Alexis Tsipras - foto LaPresse
Alexis Tsipras – foto LaPresse

Sei elezioni parlamentari negli ultimi otto anni è uno score di tutto rispetto che rende giustizia a quanti sostengono la natura prettamente ellenica del concetto di democrazia. Tutto giusto, per carità, ma qui si esagera: la Grecia di oggi, sotto il profilo della stabilità interna, somiglia parecchio all’Italia della Prima Repubblica, che certo non spiccava per la sua capacità di attrarre investimenti. Così ad un’economia dissestata, e con un indebitamento vertiginoso, ad una struttura sociale corrosa dalla corruzione, si aggiunge lo spensierato gioco parlamentare e la volontà politica – espressa puntualmente da talune forze – di azzoppare chi ha appena concluso un accordo coi creditori. Stavolta la parte del cattivo è toccata alla minoranza di Syriza, e che la sinistra si presenti in ordine sparso di fronte al proprio elettorato non è certo una novità per i paesi mediterranei. Ma tant’è.

Europarlamentari a sostegno di Tsipras - foto LaPresse
Europarlamentari a sostegno di Tsipras – foto LaPresse

I giornali italiani, gli stessi che si erano presi una sbandata per i muscoli di Varoufakis e per il suo stile sbarazzino, adesso inneggiano al líder máximo del Partenone, quello che, dopo aver concluso un’intesa coi partner comunitari, ha inaugurato la crisi di governo rimettendo agli elettori il giudizio ultimo. L’impressione, però, è che Tsipras utilizzi sempre la stessa tattica per uscire dal guado, con la speranza di riuscire a farla franca volta dopo volta.

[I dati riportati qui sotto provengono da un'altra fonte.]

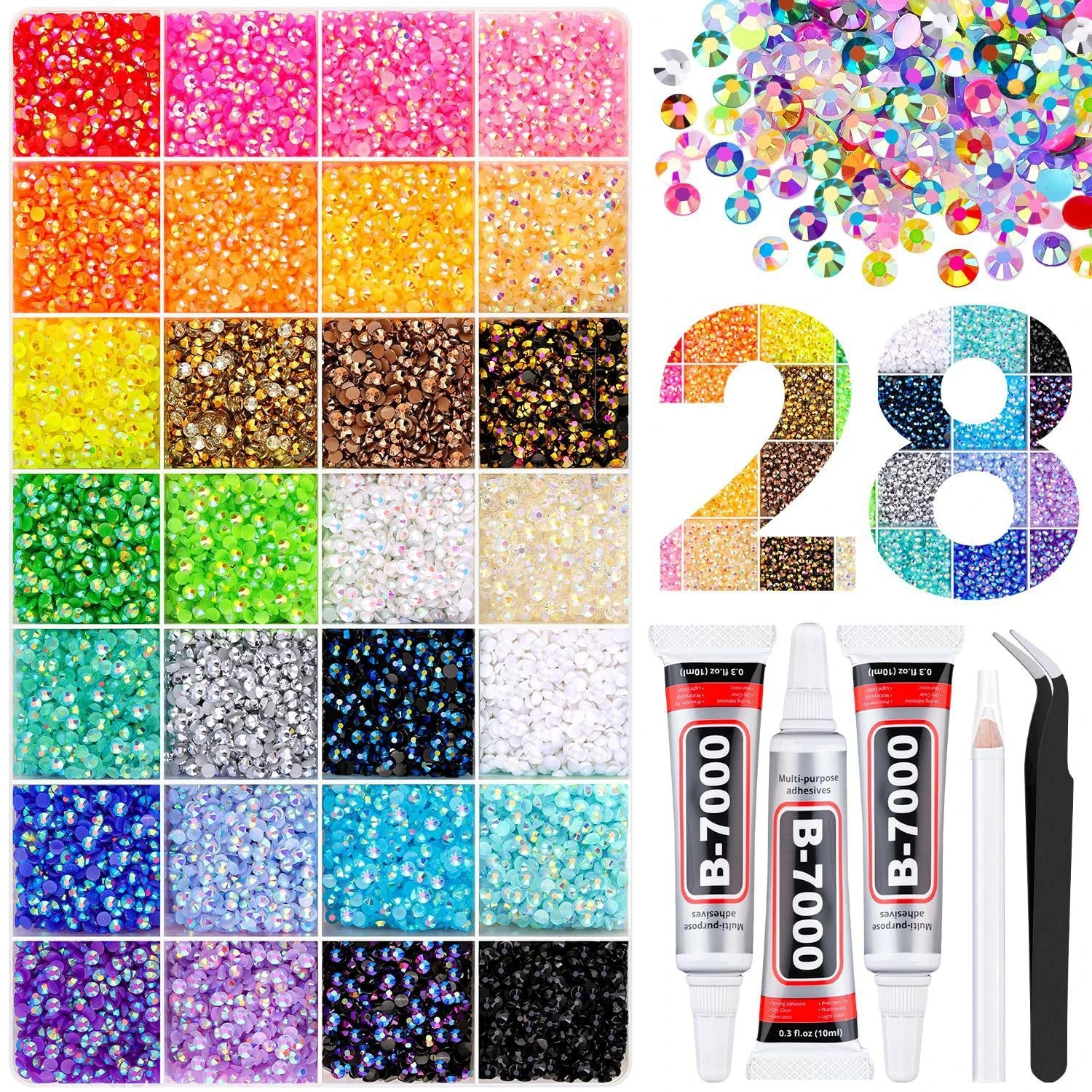 3mm Mixed Color AB Resin Flatback Rhinestones Jelly Rhinestones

Facciamo un passo indietro e torniamo alle fasi concitate d’inizio estate. Dopo aver adottato un atteggiamento irresponsabile di fronte a chi, coi propri spiccioli, garantiva non il futuro ma il presente di Atene, il primo ministro decise di rompere i negoziati e di convocare a sorpresa un referendum dall’esito scontato. Lo stile della domanda posta all’opinione pubblica greca era quasi surreale e suonava pressappoco così: volete voi altra austerità? Incassato, pertanto, l’ineluttabile consenso delle urne, Tsipras capì di essere finito in un vicolo cieco. A quel punto il problema non era più quale intesa trovare coi creditori, ma come salvare il paese in un consesso in cui tutti ti guardavano di sbieco. Cambio di musica, giro di valzer e passo: poche piroette portarono il premier ad imbastire un accordo di gran lunga più oneroso rispetto a quello inizialmente previsto dall’odiatissima Germania. Ma le mutate condizioni politiche avevano ulteriormente destabilizzato lo scenario nazionale, per cui attorno a quel “prendere o lasciare” si consumava sostanzialmente il “melodracma ateniese”.

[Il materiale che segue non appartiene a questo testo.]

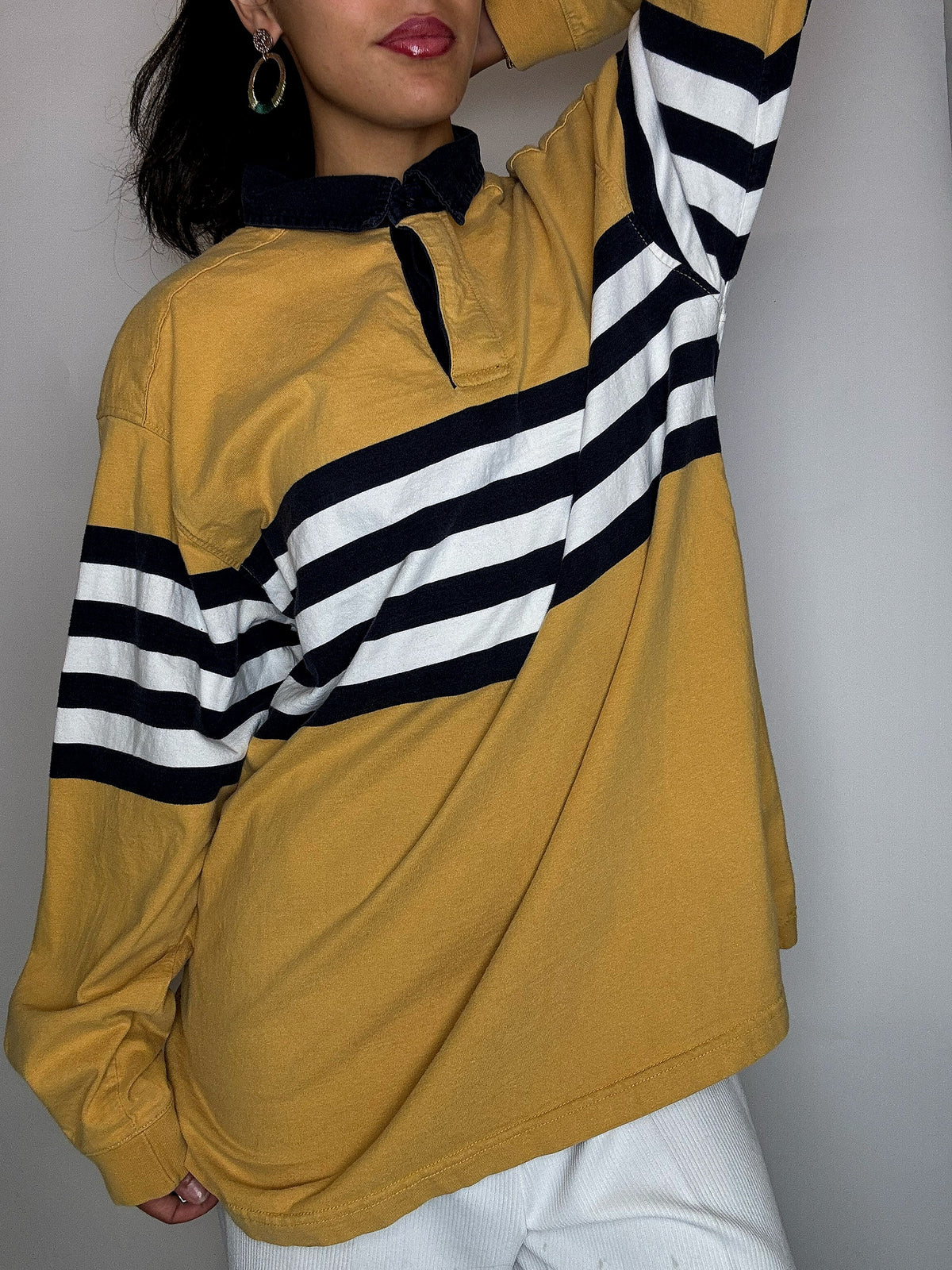 Polo de rugby moutarde XXL vintage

Alexis Tsipras, Referendum Grecia - foto LaPresse
Alexis Tsipras, Referendum Grecia – foto LaPresse

Adesso con lo stesso spirito Tsipras ha capito di non avere più una maggioranza a suo seguito. Poteva scegliere due vie: aprire alle opposizioni costruttive, e salvare questa legislatura producendo dei risultati concreti per la ripresa economica; o tentare l’ennesimo azzardo elettorale, cercando di buttarla sul suo sopraggiunto profilo da statista, sull’appeal responsabilmente radicale, a differenza degli incoscienti che lui stesso aveva portato alla guida del paese.

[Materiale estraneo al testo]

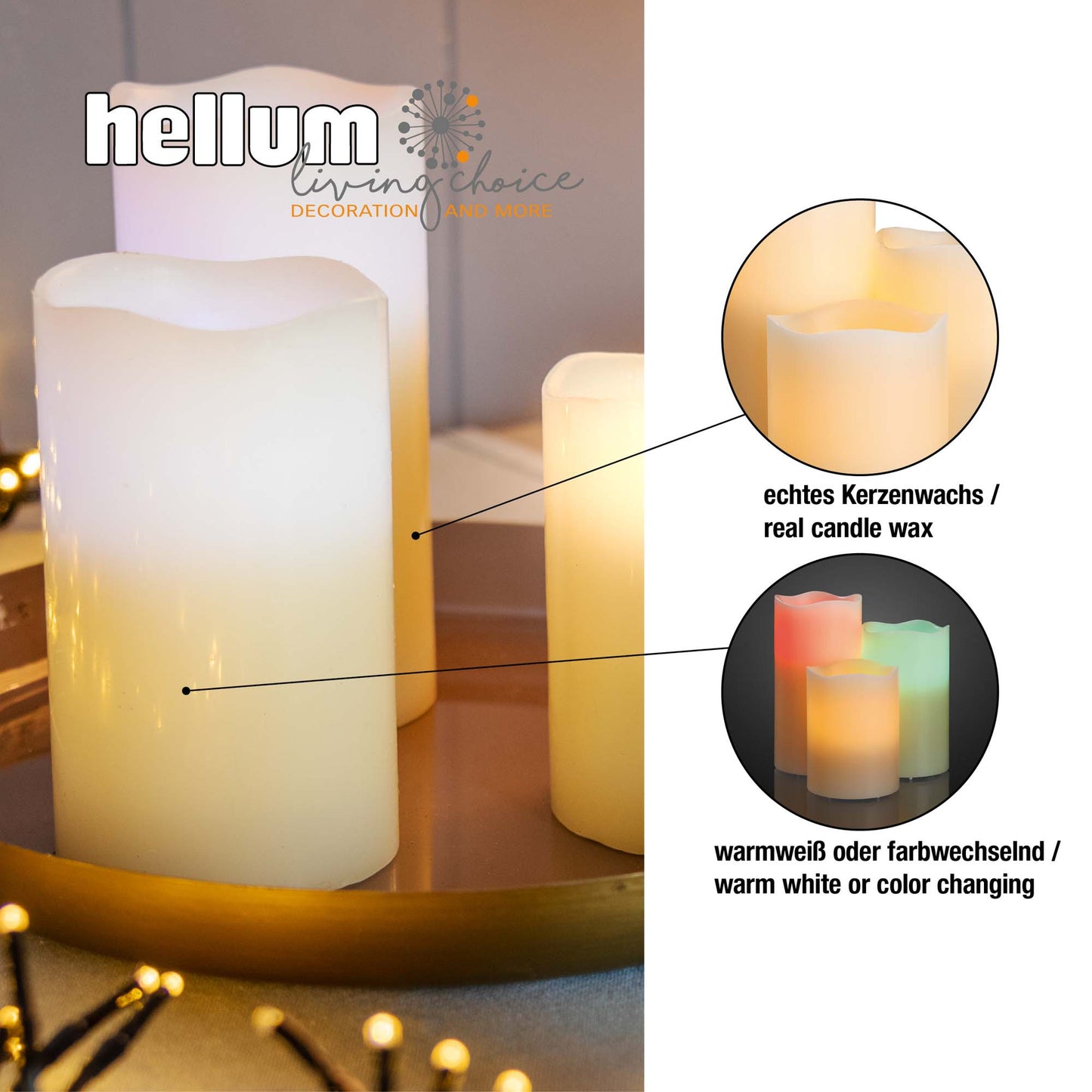Hellum Kerzen 3er Set 15/12,5/10cm hoch, weiß, RGB, Timer, Fernbedienung, batteriebetrieben_571950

Non sappiamo quale sarà l’epilogo del guazzabuglio ellenico: certo è che oggi, ad essere confusi, non sono tanto gli Stati dell’Unione, ormai rassegnati a questa farsa, quanto gli elettori greci, costretti a rincorrere il proprio Governo nella speranza che il mandato ricevuto non sia disatteso ventiquattr’ore dopo l’esito elettorale. E’ la democrazia 2.0: effervescente naturale.